**Problem to work on:** The answer consists solely of the listing's lines from the first through the line containing "103 NORTHCLIFFE CRESCENT", each reproduced exactly.

··· Data to process

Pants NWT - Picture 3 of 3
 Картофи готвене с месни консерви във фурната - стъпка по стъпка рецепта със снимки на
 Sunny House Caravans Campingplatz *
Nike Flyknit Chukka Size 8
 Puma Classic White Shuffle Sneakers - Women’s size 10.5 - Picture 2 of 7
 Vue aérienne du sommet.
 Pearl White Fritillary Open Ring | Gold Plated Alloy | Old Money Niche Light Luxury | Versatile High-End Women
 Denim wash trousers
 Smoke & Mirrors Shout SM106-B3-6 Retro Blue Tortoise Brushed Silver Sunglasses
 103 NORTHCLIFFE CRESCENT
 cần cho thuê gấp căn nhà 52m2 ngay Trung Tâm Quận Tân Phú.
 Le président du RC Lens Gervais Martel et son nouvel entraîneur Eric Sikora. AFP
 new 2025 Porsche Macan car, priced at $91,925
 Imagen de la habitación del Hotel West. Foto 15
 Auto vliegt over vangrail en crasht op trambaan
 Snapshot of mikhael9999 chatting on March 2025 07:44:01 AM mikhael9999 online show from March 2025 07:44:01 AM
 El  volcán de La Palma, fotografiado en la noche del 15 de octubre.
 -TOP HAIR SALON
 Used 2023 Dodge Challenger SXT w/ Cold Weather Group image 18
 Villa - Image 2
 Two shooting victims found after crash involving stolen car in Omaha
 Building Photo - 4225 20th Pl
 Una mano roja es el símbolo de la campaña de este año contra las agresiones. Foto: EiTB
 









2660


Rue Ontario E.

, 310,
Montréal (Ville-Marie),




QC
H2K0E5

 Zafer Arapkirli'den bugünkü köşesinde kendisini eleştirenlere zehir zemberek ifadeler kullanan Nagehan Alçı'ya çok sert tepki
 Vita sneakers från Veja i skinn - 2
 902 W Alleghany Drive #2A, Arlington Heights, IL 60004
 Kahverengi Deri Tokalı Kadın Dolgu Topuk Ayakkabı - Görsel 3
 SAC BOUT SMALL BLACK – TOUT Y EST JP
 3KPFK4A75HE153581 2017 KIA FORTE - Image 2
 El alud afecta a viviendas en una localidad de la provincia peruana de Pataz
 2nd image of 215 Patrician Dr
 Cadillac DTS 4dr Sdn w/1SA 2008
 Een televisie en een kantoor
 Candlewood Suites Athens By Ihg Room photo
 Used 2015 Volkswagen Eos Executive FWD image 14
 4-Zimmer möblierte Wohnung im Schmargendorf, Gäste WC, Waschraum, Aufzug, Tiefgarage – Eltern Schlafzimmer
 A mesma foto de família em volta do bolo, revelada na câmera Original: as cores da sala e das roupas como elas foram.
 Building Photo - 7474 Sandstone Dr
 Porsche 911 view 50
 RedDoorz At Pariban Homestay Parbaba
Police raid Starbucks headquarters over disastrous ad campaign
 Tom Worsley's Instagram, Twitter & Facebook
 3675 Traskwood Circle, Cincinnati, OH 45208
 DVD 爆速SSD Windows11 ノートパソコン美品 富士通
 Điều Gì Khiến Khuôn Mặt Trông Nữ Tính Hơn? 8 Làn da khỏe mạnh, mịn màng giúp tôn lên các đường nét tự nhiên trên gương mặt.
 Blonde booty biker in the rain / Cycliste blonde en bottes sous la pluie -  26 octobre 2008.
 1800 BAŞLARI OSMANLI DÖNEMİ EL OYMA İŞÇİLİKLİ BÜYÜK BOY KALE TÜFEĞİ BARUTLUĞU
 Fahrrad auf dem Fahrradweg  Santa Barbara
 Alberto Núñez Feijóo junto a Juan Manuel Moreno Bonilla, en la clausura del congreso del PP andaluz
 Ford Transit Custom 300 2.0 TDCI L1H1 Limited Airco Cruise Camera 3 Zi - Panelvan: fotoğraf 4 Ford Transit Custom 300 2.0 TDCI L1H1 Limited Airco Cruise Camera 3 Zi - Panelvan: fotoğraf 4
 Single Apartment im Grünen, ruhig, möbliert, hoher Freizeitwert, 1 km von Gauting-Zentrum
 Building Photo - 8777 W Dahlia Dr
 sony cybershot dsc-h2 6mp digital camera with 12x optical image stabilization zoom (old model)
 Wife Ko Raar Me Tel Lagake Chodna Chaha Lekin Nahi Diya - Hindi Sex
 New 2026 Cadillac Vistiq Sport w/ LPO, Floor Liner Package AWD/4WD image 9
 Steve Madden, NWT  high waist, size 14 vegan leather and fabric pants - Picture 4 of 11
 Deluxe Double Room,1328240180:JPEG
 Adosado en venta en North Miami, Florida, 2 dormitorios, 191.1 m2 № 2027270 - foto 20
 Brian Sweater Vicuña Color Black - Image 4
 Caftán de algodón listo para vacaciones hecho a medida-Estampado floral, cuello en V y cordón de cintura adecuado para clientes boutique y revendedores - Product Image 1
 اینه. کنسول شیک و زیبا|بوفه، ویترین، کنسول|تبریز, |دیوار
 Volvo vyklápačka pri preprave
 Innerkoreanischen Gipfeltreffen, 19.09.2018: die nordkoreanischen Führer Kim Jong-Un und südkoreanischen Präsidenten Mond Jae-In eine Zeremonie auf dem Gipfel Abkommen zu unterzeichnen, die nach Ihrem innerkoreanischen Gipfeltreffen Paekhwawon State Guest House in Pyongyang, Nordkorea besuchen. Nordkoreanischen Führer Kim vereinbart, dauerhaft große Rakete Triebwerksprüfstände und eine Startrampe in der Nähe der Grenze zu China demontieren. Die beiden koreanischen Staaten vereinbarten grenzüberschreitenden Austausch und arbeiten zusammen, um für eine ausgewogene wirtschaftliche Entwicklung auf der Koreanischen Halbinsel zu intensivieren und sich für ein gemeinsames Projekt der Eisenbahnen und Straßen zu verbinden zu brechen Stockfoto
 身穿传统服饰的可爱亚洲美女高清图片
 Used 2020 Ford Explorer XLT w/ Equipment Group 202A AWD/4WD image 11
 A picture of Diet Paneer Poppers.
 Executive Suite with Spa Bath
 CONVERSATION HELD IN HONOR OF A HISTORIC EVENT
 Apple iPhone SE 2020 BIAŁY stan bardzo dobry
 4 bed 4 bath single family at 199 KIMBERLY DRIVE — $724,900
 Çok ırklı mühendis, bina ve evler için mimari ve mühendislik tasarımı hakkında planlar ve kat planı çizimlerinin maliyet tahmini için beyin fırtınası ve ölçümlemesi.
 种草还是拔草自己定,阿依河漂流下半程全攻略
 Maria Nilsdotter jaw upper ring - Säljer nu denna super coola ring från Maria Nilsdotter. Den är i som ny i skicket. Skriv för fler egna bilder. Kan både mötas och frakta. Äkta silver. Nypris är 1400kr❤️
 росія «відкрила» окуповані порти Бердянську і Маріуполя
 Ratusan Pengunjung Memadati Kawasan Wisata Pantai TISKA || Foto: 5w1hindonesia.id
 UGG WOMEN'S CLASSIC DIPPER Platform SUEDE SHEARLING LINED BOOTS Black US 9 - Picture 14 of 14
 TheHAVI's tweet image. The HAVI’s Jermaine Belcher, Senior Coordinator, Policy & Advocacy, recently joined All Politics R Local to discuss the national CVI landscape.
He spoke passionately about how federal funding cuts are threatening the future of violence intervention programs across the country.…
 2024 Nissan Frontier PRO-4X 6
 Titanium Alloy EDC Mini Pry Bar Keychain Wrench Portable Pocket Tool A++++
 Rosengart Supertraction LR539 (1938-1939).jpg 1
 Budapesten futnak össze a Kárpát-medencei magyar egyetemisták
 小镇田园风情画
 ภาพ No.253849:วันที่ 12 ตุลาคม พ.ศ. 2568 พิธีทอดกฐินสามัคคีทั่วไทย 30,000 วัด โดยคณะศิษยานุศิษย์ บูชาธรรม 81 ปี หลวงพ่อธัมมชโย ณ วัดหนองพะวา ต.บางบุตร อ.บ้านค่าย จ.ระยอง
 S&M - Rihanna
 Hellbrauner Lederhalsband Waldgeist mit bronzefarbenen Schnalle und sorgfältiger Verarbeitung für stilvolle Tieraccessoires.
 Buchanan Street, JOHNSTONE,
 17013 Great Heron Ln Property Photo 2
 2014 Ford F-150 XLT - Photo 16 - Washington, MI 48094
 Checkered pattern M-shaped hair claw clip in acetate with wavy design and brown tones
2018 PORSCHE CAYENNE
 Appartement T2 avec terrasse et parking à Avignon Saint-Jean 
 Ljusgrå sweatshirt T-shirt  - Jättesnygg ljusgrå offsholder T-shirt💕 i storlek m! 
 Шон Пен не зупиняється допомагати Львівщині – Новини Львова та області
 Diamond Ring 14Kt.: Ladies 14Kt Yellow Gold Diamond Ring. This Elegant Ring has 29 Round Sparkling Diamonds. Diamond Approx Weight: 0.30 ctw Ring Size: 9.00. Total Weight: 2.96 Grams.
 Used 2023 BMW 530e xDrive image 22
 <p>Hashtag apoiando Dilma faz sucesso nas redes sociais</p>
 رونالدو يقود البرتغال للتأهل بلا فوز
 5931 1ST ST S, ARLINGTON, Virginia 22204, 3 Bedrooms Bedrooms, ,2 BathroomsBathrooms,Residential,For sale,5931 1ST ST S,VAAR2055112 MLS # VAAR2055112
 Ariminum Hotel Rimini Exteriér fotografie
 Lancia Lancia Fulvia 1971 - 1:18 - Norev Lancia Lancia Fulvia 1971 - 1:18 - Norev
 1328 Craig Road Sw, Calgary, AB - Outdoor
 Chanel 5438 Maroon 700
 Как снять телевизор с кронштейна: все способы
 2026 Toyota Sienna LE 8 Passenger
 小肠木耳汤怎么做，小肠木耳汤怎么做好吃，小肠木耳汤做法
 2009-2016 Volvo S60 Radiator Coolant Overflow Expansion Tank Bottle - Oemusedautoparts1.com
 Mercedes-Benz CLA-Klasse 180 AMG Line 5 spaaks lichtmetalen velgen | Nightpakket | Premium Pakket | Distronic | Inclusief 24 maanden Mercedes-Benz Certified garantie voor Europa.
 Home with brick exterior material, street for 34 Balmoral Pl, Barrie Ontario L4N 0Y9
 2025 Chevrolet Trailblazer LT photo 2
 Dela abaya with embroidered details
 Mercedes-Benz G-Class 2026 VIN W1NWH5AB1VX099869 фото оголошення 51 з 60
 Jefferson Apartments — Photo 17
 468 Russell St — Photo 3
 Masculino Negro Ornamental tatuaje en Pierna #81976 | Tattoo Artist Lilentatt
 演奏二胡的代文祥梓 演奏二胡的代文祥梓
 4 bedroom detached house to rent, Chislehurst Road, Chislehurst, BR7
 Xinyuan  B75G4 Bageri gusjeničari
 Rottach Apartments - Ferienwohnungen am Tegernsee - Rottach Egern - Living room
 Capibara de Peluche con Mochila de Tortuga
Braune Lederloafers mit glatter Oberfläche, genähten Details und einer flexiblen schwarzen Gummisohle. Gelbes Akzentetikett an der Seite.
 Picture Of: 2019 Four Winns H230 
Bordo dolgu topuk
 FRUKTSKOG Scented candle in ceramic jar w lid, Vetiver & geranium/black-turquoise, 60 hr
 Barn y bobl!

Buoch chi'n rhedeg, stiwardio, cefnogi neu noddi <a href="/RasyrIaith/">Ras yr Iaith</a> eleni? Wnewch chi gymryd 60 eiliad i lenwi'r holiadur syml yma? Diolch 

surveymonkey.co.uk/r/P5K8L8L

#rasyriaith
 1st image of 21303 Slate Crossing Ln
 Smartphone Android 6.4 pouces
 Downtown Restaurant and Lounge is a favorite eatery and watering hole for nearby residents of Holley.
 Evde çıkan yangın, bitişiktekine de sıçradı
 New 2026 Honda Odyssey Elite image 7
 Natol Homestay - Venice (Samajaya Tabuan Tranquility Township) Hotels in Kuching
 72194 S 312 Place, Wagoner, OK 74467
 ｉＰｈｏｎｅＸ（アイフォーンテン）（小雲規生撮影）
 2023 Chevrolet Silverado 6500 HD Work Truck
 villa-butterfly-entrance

······

**Answer space:**
Pants NWT - Picture 3 of 3
 Картофи готвене с месни консерви във фурната - стъпка по стъпка рецепта със снимки на
 Sunny House Caravans Campingplatz *
Nike Flyknit Chukka Size 8
 Puma Classic White Shuffle Sneakers - Women’s size 10.5 - Picture 2 of 7
 Vue aérienne du sommet.
 Pearl White Fritillary Open Ring | Gold Plated Alloy | Old Money Niche Light Luxury | Versatile High-End Women
 Denim wash trousers
 Smoke & Mirrors Shout SM106-B3-6 Retro Blue Tortoise Brushed Silver Sunglasses
 103 NORTHCLIFFE CRESCENT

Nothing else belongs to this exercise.